Transcode a DVD
First you have to create a streamlist of your VOB files. Here's an example:
The first line must contain CFFL and nothing else, then list the VOB files in numerical order. Then save the whole thing as movie.cffl (make sure you select All Files (*.*) as filetype when you save as by default Notepad will create a file with a .txt extension and since Explorer is set to not show known extensions you will see movie.cffl in explorer, but the actual filename is movie.cffl.txt and you won't see the file when you try to open it with ReMPEG2 because ReMPEG2 is looking for the .cffl extension.
Now start up ReMPEG2
Press Open and select your movie.cffl file. ReMPEG2 will then analyze all the VOB files and you see a lot of data scrolling down in the Log window. Once it's done it will have created a movie.cffl.vinf file, that's a file that contains a lot of data about your video stream (and next time you load the files it will read that file instead of having to analyze it again).
Now we're going to talk about bitrate calculations. If you're afraid if what you see below, there's an easier alternative called DVD-R calculator.
Now, let's have a look at what we got here. An average bitrate of 5490000 bit/s.
We want to have 4.37 GB (4.7 billion bytes) to fit the whole movie onto a DVD-5. Subtract the size of the VOBs for the movie's extras, menus and ifo files from that size. In the example of bait the extras only take 7.5MB which leaves us with 4'692'135'680 bytes for the main movie.
The size of the main movie VOBs is 5'141'125'120 bytes at the moment, whereof the actual video stream takes 4'706'988'750 bytes (multiply the length as shown in ReMPEG2 by the avg.bitrate and divide by 8 to get from bits to bytes). So we have 434'136'370 bytes for the audio stream, subtitle stream and navigational packets in the VOBs. If you subtract this from our remaining free space (4.37GB - 7.5MB) we get 4'257'999'310 bytes for the new video stream. Divide this number by the size of the current stream to get the bitrate reduction factor. In this case we have 0.904 which means the new video stream must have a bitrate that's 90.4% of the original bitrate to still fit onto our DVD disc. Now go to the Options screen in ReMPEG2.
Use the scale factor slider to set the correct bitrate scale factor (90% in our case). You'll also be shown the resulting average bitrate for the selected scale factor.There's no need to limit the max bitrate.

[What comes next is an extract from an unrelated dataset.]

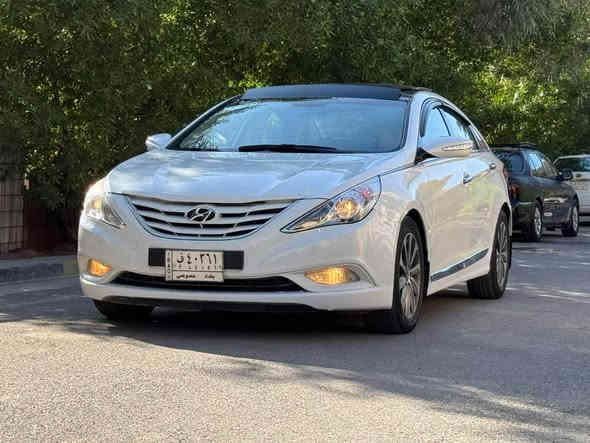 سوناتا 2011 خليجي محرك 2400 دوش
رقم بغداد مشروع وطني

If you want you can change the bit allocation for the types of frames, I leave it at the default.
Then select your output resolution. For DVD only the 352x and 720x resolution is valid, you can't use the 480x one.
Set Frame Mode to match source to preserve the structure of the original.
Once everything is set go back to the main screen and press Encode.
Unfortunately ReMPEG2 is really slow so you better find something else to do for a while until the transcoding has ended. Once it's done you'll have an .m2v video file.